**THE PROBLEM:** Could you restate the entries below word for word and leave out the pictures?

**THE INPUT:**
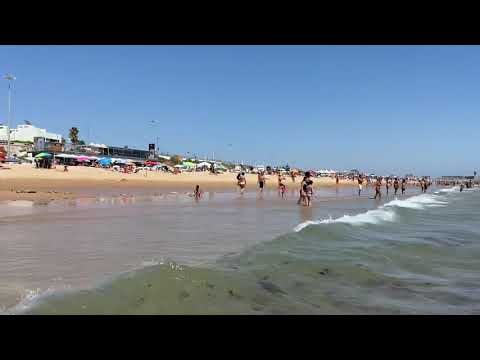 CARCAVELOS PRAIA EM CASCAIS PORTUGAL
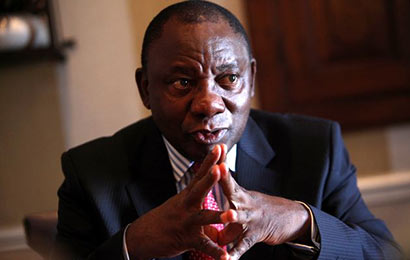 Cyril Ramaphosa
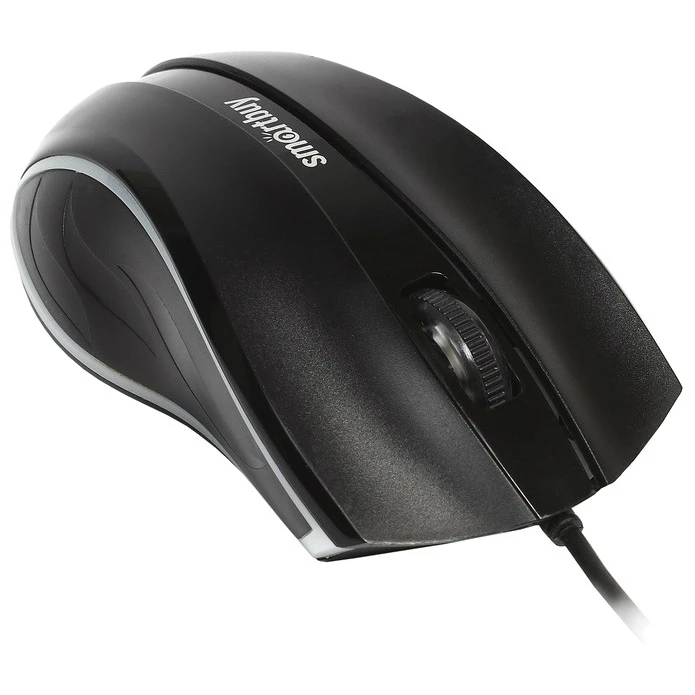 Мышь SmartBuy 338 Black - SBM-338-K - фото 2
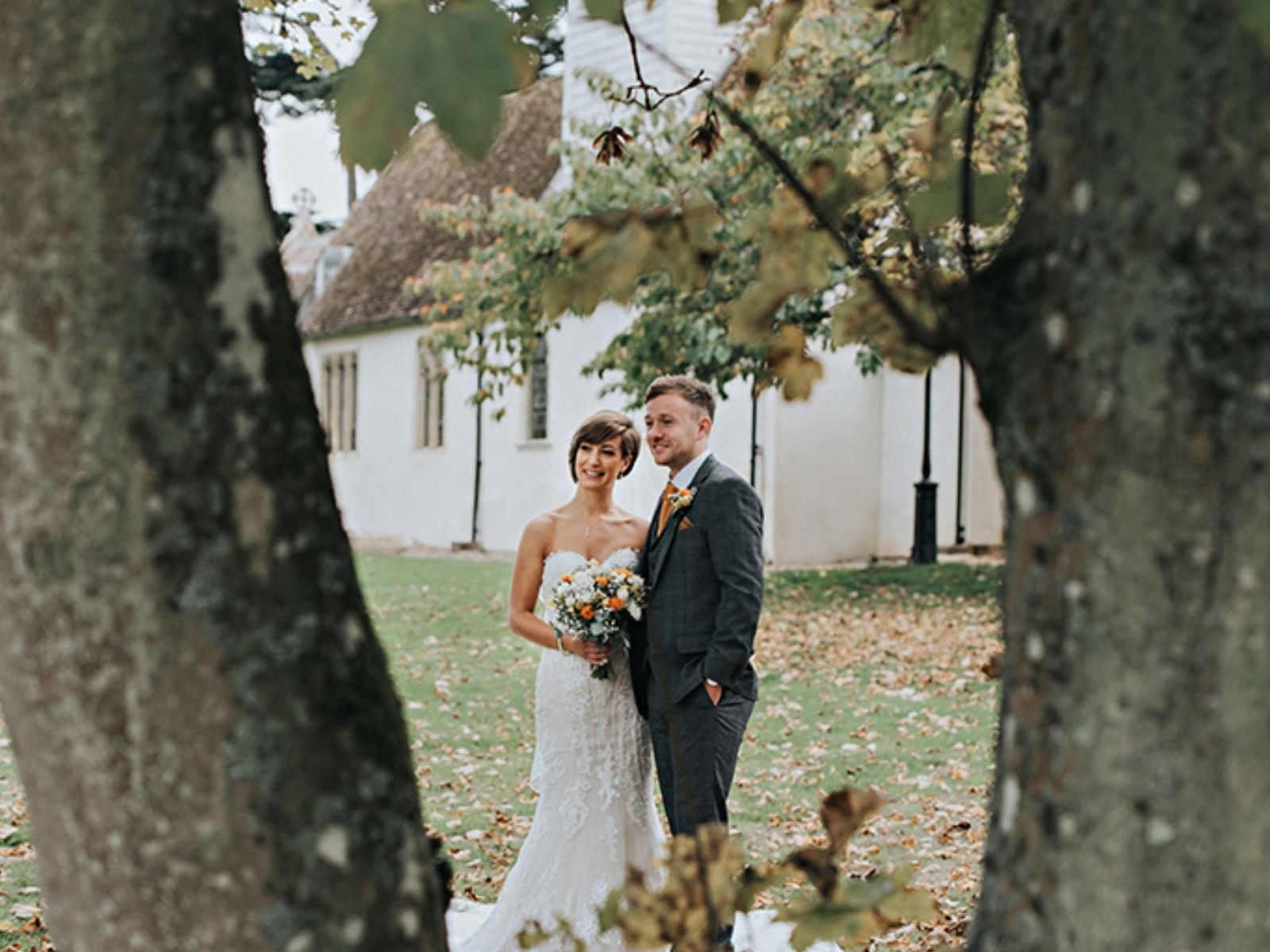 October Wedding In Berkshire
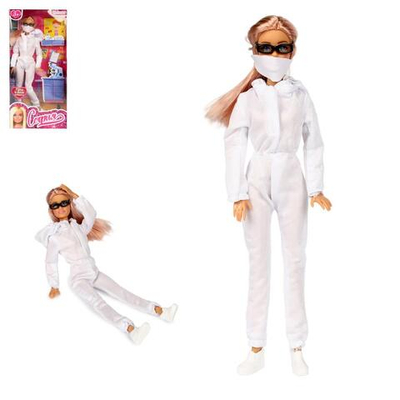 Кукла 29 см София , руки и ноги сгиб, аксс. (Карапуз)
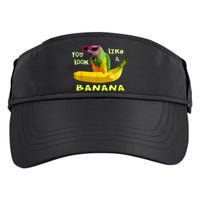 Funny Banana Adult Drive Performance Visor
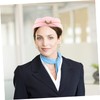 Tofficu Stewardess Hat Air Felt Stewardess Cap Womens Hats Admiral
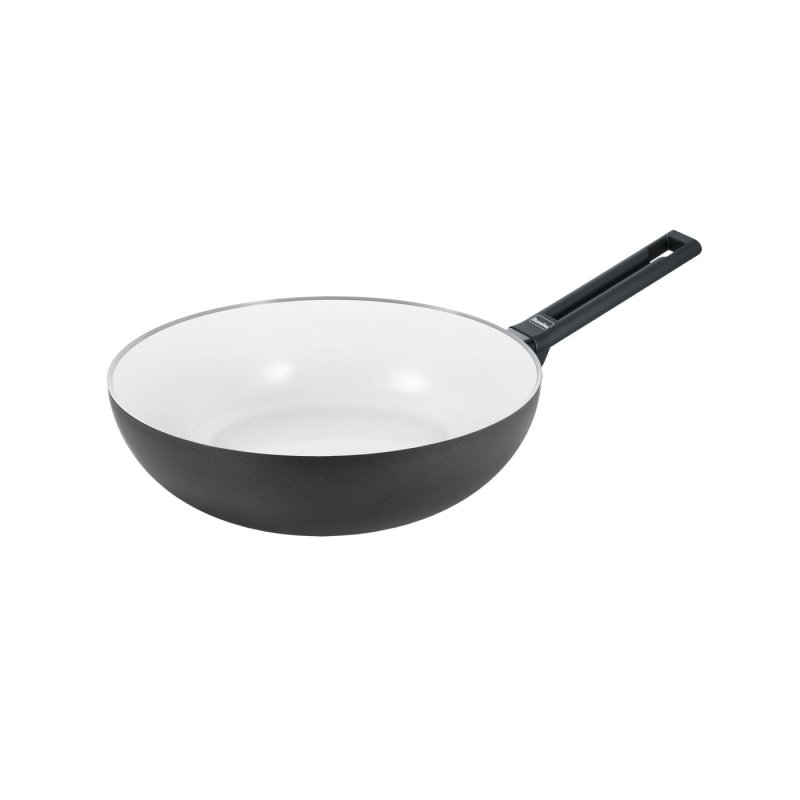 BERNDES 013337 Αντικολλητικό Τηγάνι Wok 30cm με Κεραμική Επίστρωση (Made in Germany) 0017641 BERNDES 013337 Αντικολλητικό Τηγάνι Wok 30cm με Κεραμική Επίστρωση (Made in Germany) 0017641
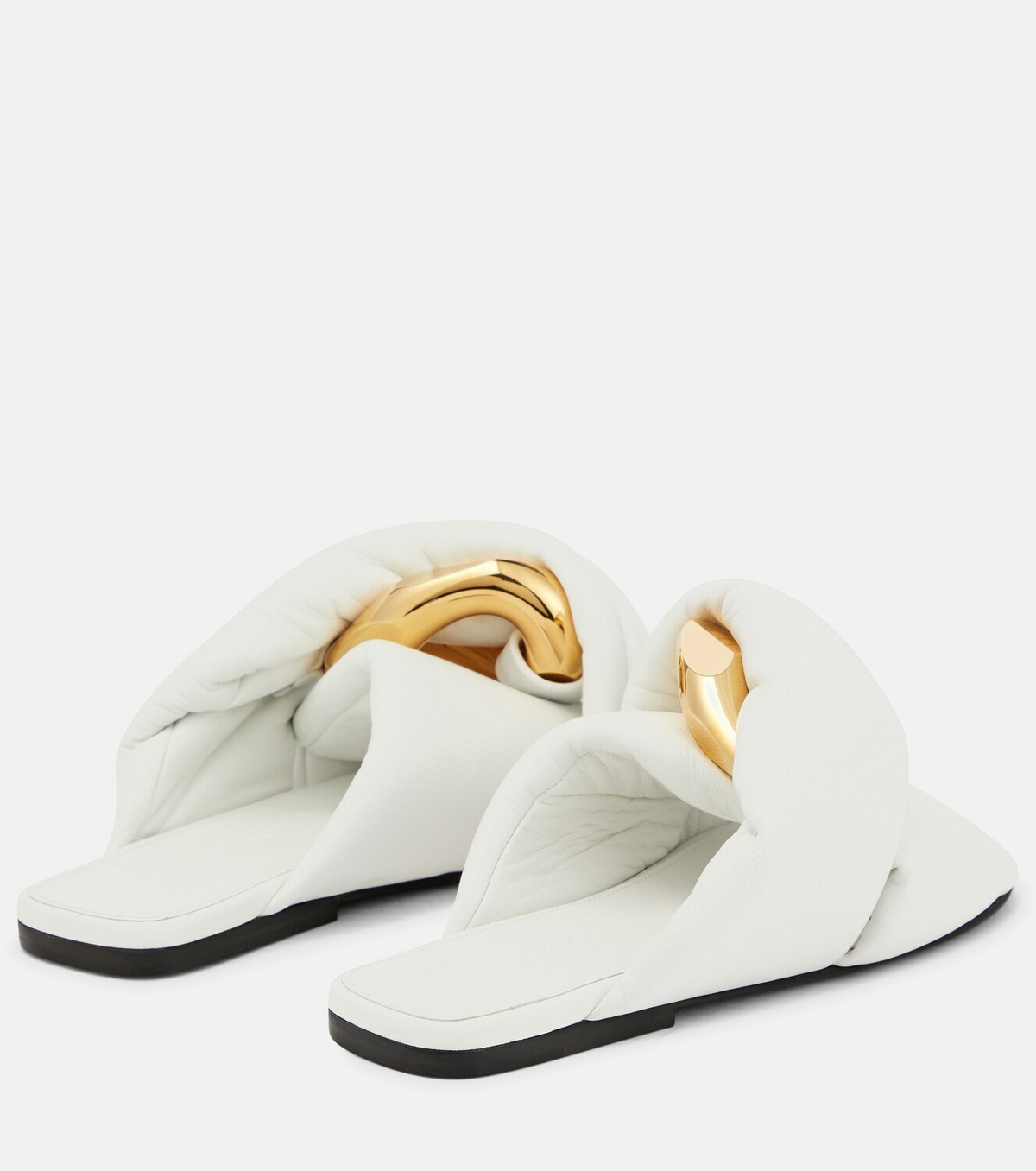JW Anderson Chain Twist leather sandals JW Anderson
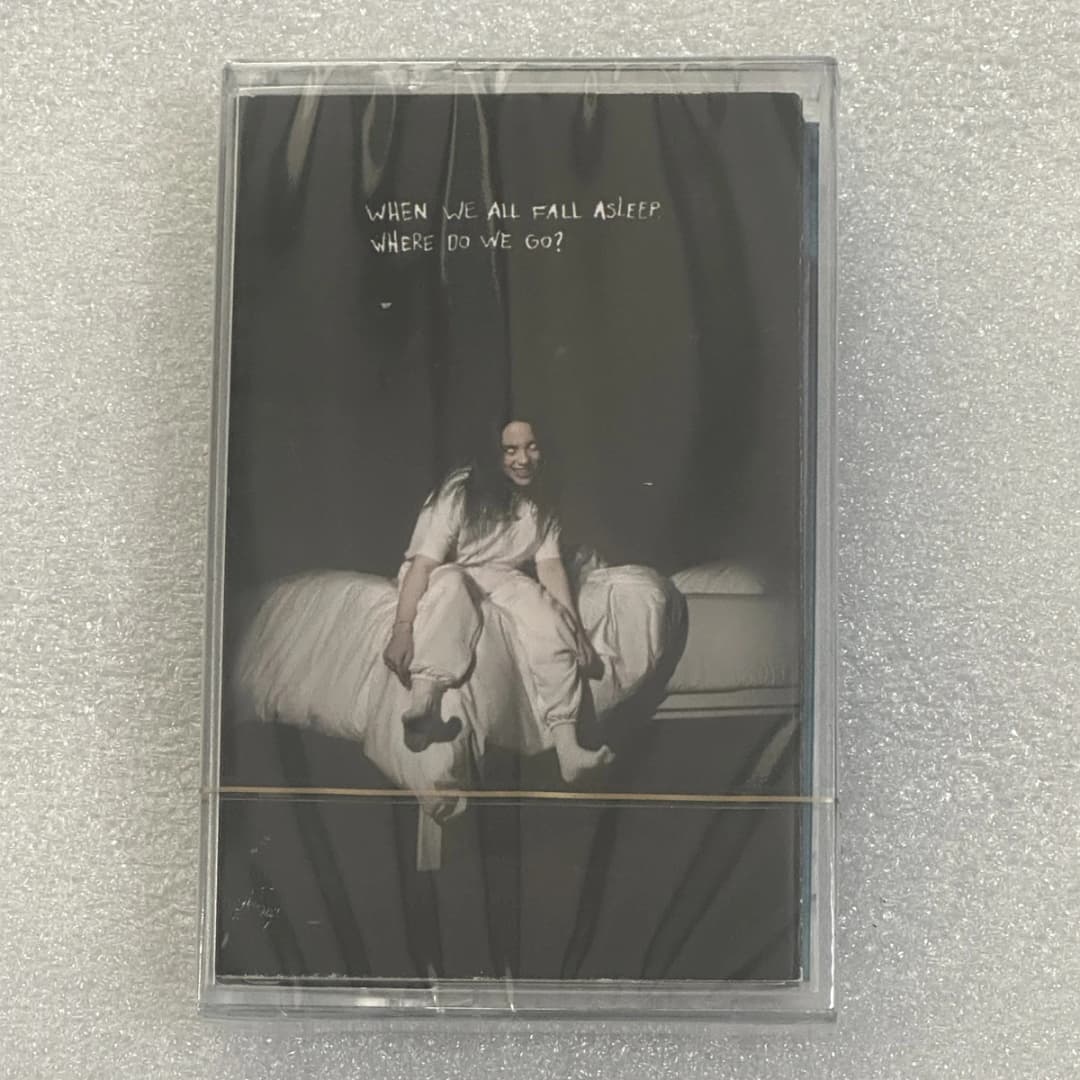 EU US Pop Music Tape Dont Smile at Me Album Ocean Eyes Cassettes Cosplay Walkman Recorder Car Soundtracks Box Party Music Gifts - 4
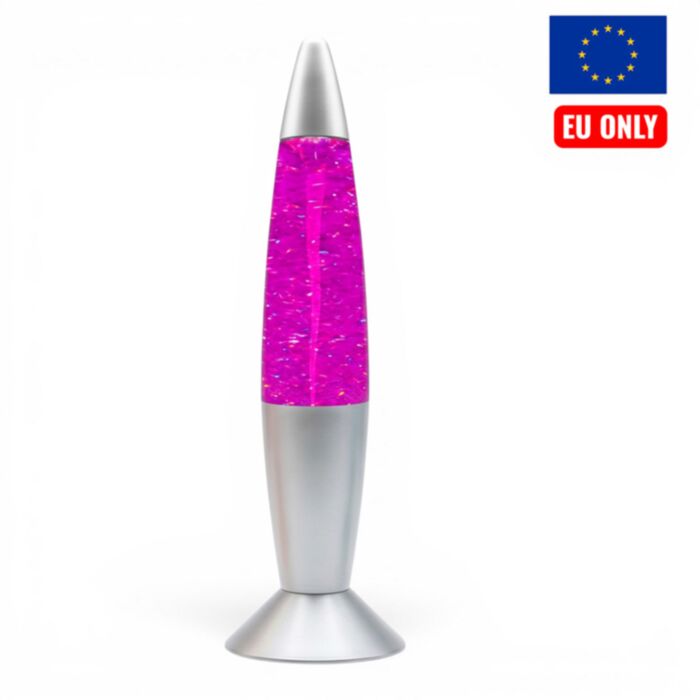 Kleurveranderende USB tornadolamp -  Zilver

**OUTPUT OF THE EXERCISE:**
 CARCAVELOS PRAIA EM CASCAIS PORTUGAL
 Cyril Ramaphosa
 Мышь SmartBuy 338 Black - SBM-338-K - фото 2
 October Wedding In Berkshire
 Кукла 29 см София , руки и ноги сгиб, аксс. (Карапуз)
 Funny Banana Adult Drive Performance Visor
 Tofficu Stewardess Hat Air Felt Stewardess Cap Womens Hats Admiral
 BERNDES 013337 Αντικολλητικό Τηγάνι Wok 30cm με Κεραμική Επίστρωση (Made in Germany) 0017641 BERNDES 013337 Αντικολλητικό Τηγάνι Wok 30cm με Κεραμική Επίστρωση (Made in Germany) 0017641
JW Anderson Chain Twist leather sandals JW Anderson
 EU US Pop Music Tape Dont Smile at Me Album Ocean Eyes Cassettes Cosplay Walkman Recorder Car Soundtracks Box Party Music Gifts - 4
 Kleurveranderende USB tornadolamp -  Zilver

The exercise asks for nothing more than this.